A Coface, empresa especializada em seguro de crédito, divulgou projeções otimistas para a economia global, indicando que a globalização se manterá resiliente e o Produto Interno Bruto (PIB) mundial experimentará uma desaceleração marginal em 2026. Em 2025, o PIB global surpreendeu positivamente com um crescimento de 2,8%, impulsionado pela capacidade de adaptação das grandes empresas, mesmo diante da nova política tarifária dos Estados Unidos sob a administração de Donald Trump e outros riscos geopolíticos. Para o ano seguinte, a expectativa é de uma leve desaceleração para 2,6%, o que ainda reflete uma resiliência notável.
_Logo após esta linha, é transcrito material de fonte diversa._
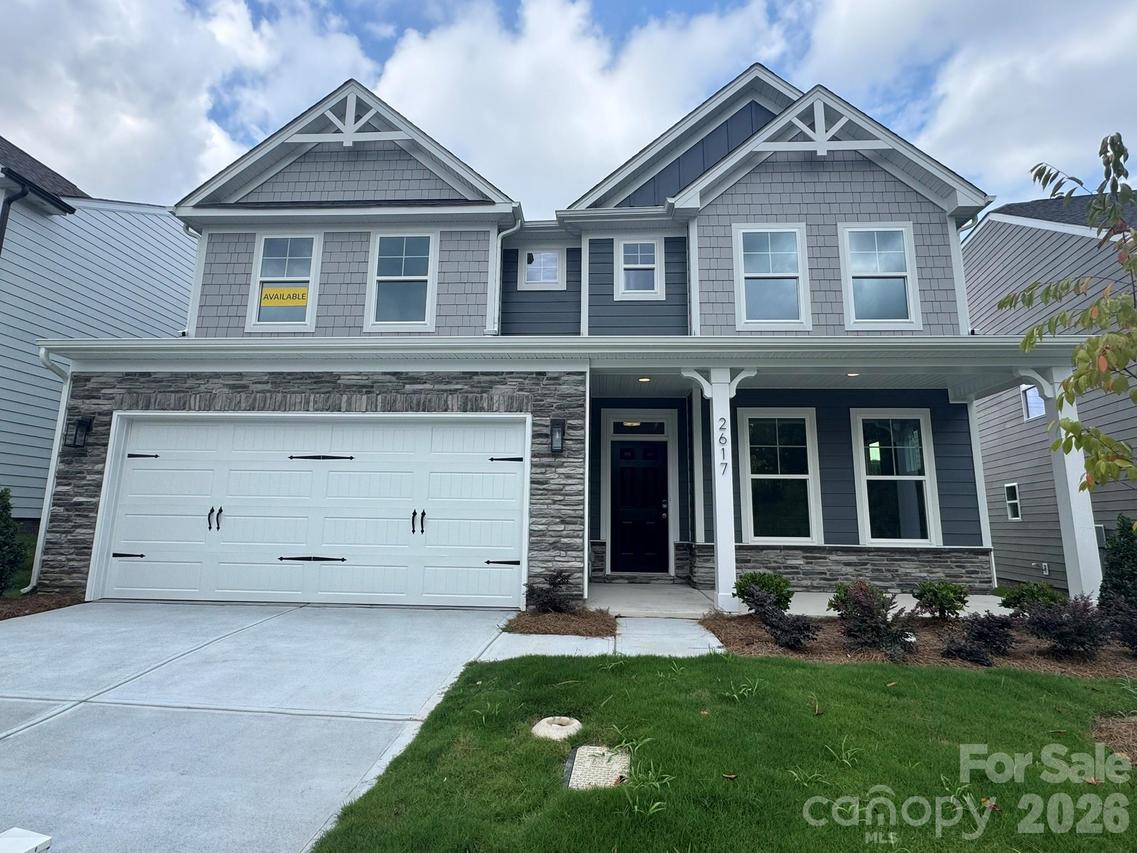 2617 Wild Azalea Ct., Monroe, NC 28110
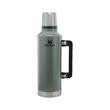 Termo Stanley Clásico Acero Inoxidable 2.3 Lts con Tapon Cebador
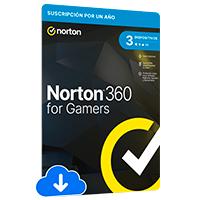 Esd Norton 360 For Gamers  Total Security 3 Dispositivos 1 Ao Descarga Digital 21422922 - 21422922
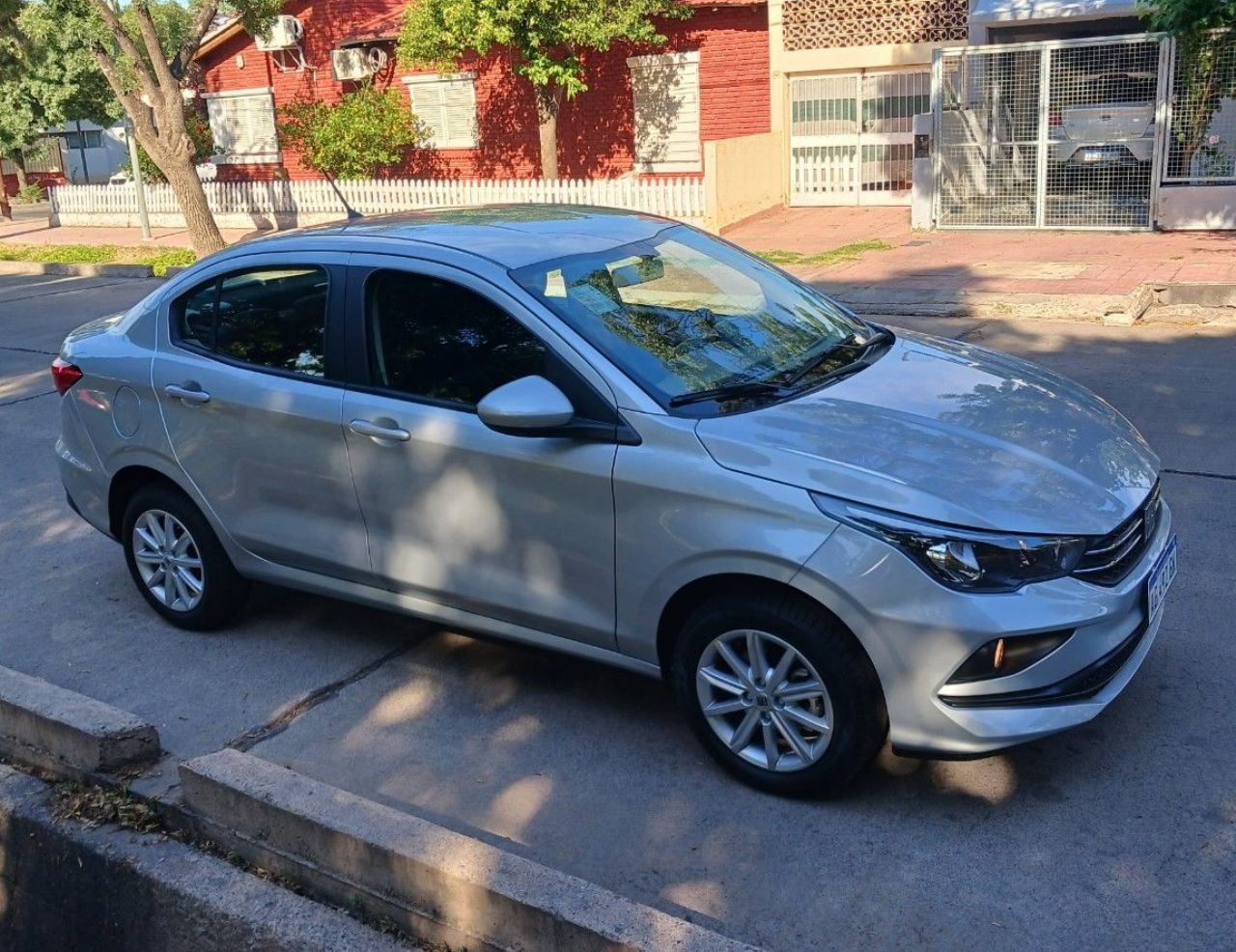 Fiat Cronos Usado en Mendoza, deRuedas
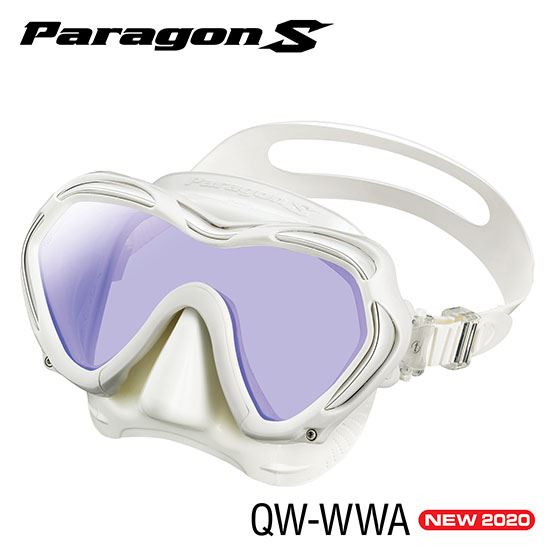 Tusa Mask Paragon S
Contudo, a Coface aponta para diversos riscos que podem impactar o cenário em 2026, como as tensões geopolíticas na América Latina e Groenlândia, o alto endividamento global com juros elevados, as incertezas na política econômica americana e uma possível correção no desempenho de empresas de inteligência artificial. O crescimento econômico será desigual, com a China registrando uma desaceleração para 4,6% e a Europa, em particular a Alemanha, apresentando perspectivas mais favoráveis. Em relação às commodities, a previsão é de queda nos preços de petróleo e alimentos, enquanto metais podem ter alta demanda devido à IA e Defesa.